Study material =>

>>

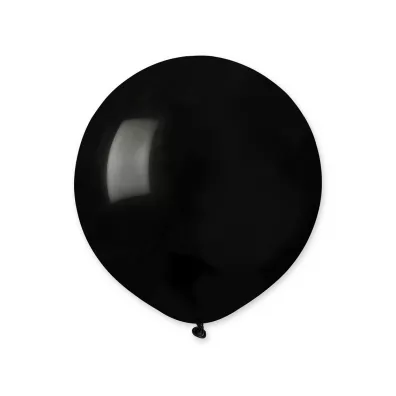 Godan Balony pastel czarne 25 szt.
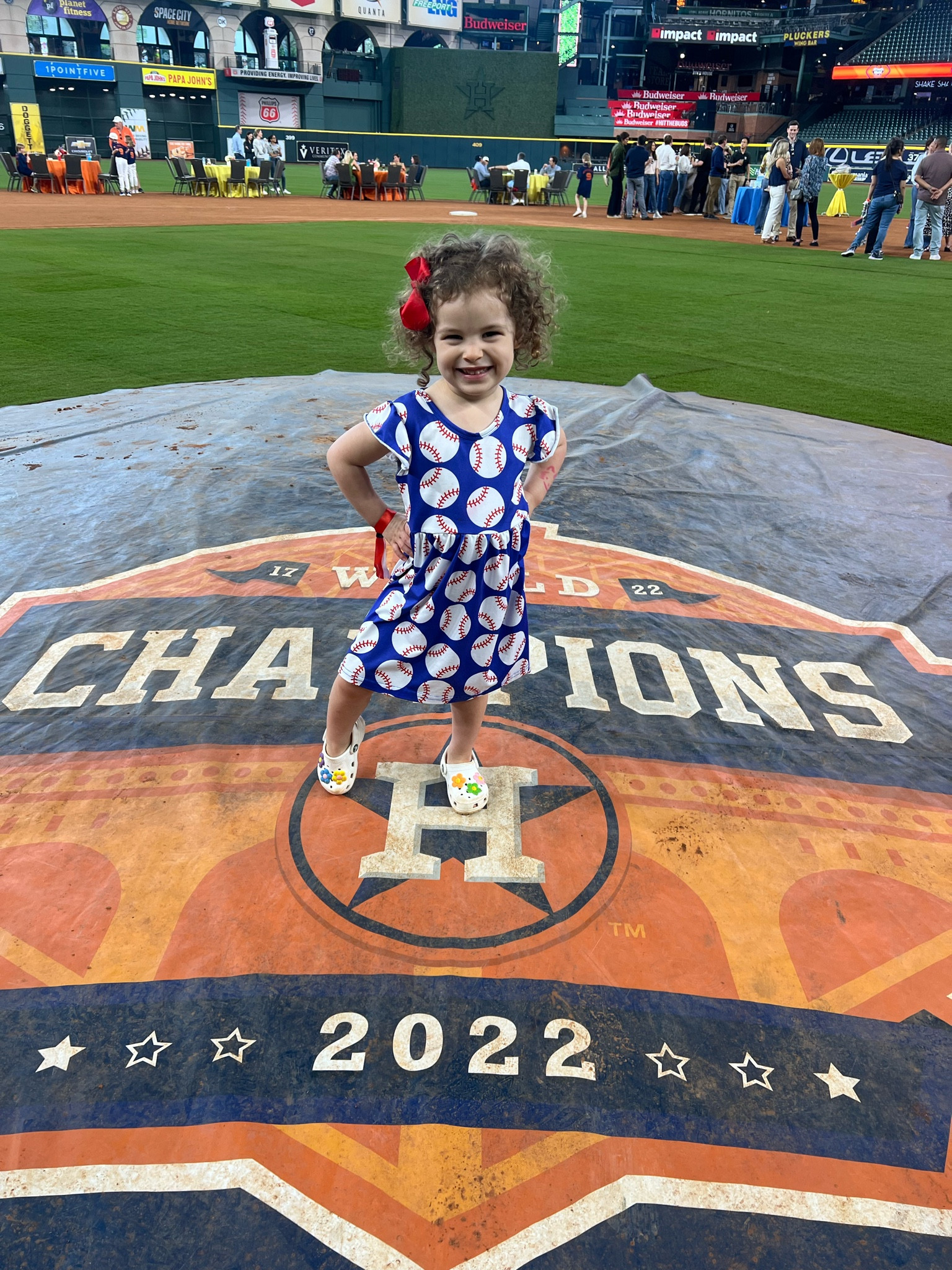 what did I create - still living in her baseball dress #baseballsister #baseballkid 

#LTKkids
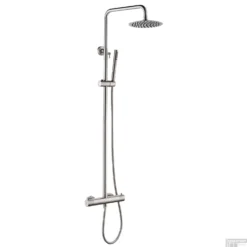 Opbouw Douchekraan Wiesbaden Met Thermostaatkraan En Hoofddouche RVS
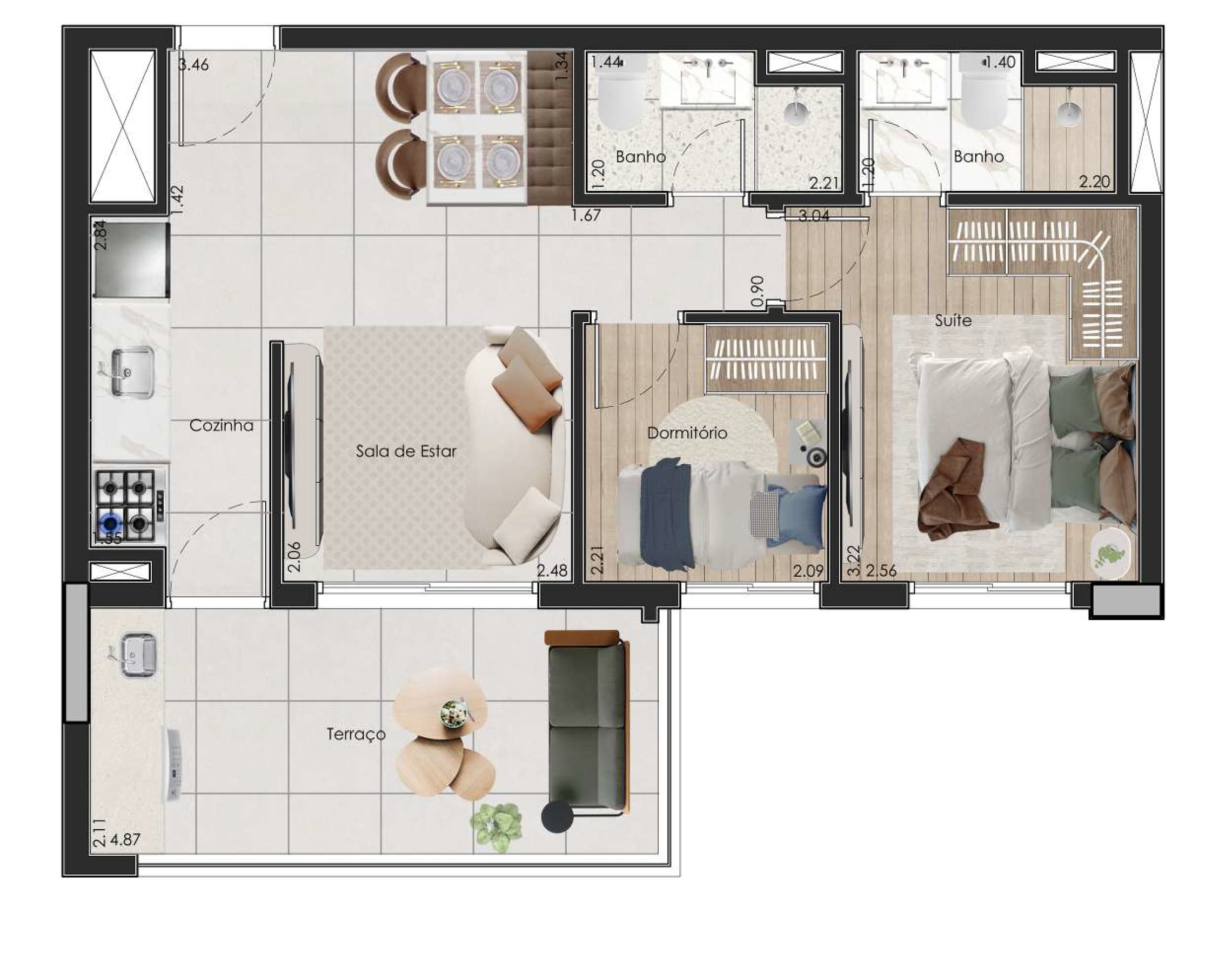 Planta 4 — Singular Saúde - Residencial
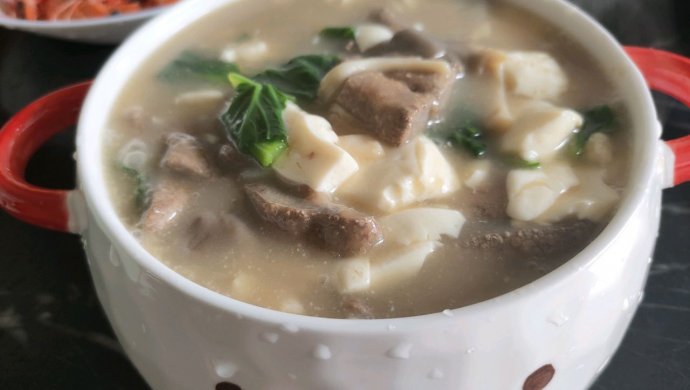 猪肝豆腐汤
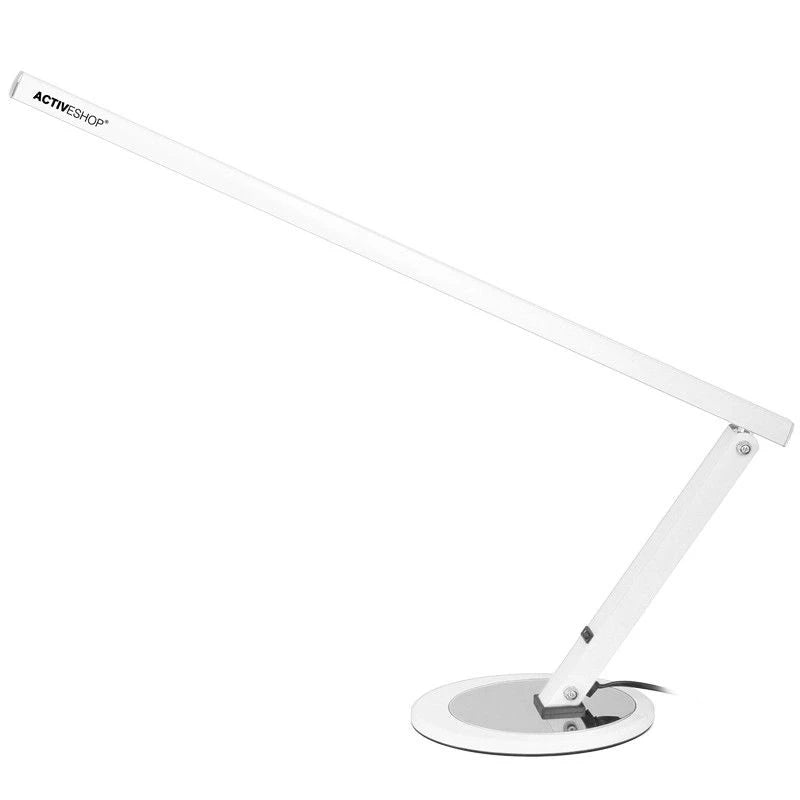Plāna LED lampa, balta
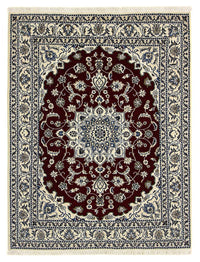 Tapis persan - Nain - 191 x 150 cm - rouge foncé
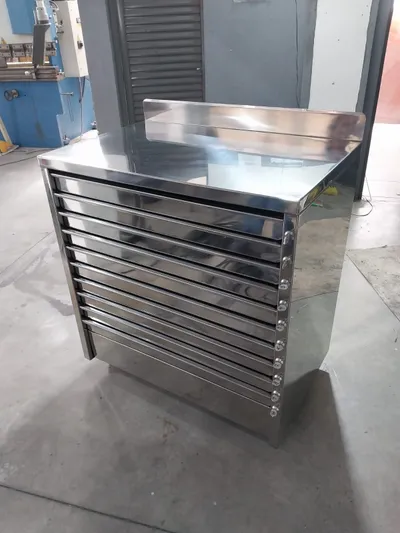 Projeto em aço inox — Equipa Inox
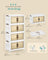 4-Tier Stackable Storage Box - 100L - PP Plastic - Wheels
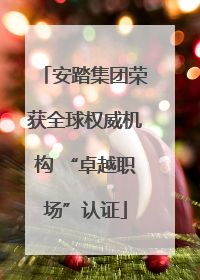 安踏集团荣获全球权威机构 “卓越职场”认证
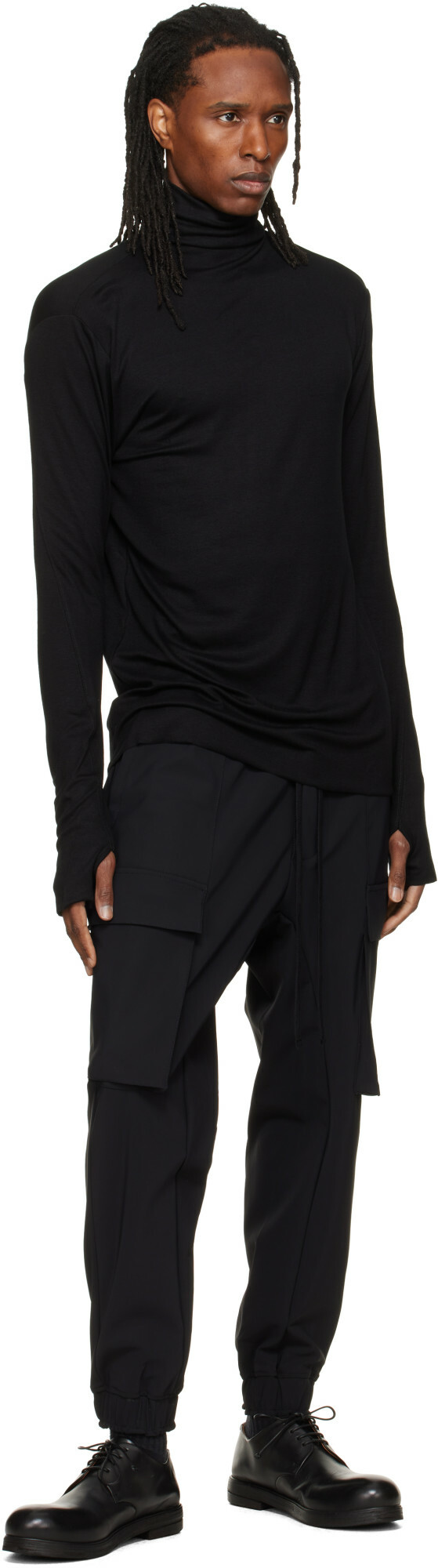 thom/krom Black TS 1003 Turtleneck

<<

Aim of the exercise => Only the lines from the one holding "Planta 4 — Singular Saúde - Residencial" through the end of the data are to be printed, exactly as they stand and with no pictures.

Solution to the problem =>
 Planta 4 — Singular Saúde - Residencial
 猪肝豆腐汤
Plāna LED lampa, balta
 Tapis persan - Nain - 191 x 150 cm - rouge foncé
 Projeto em aço inox — Equipa Inox
 4-Tier Stackable Storage Box - 100L - PP Plastic - Wheels
 安踏集团荣获全球权威机构 “卓越职场”认证
 thom/krom Black TS 1003 Turtleneck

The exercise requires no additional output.